» Dataset section:
----
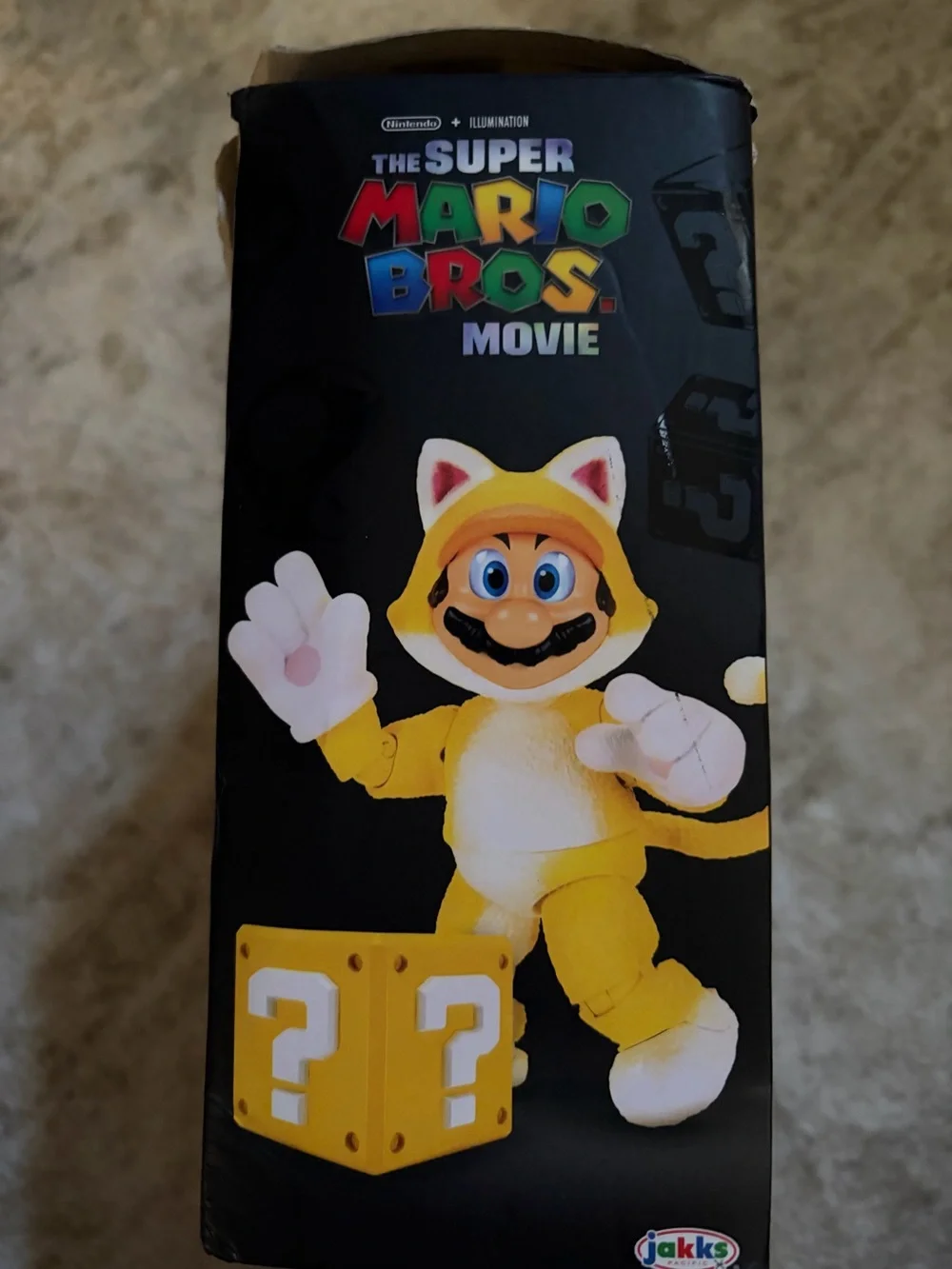 Nintendo Cat Mario Figure with Yellow Question Block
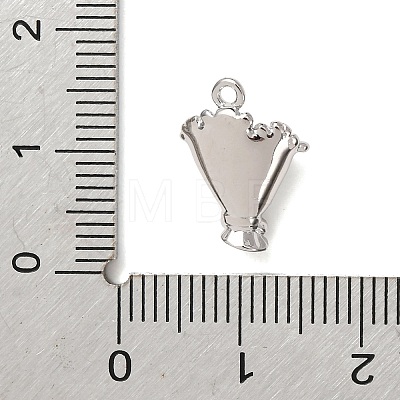 Valentine's Day Brass Charms KK-H294-04P-1
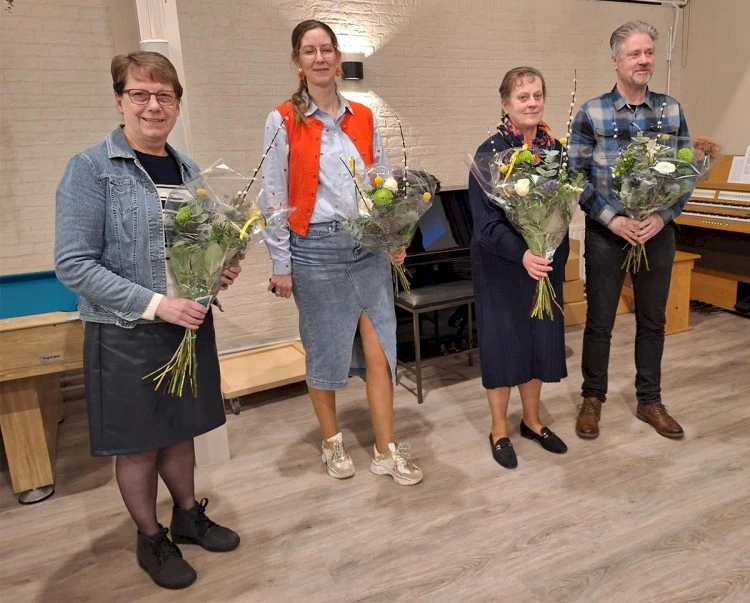 Vier jubilarissen van ASAF in het zonnetje gezet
----
» Exercise prompt: Could you write out every line above exactly as it stands, with no images?

» Task response:
 Nintendo Cat Mario Figure with Yellow Question Block
 Valentine's Day Brass Charms KK-H294-04P-1
 Vier jubilarissen van ASAF in het zonnetje gezet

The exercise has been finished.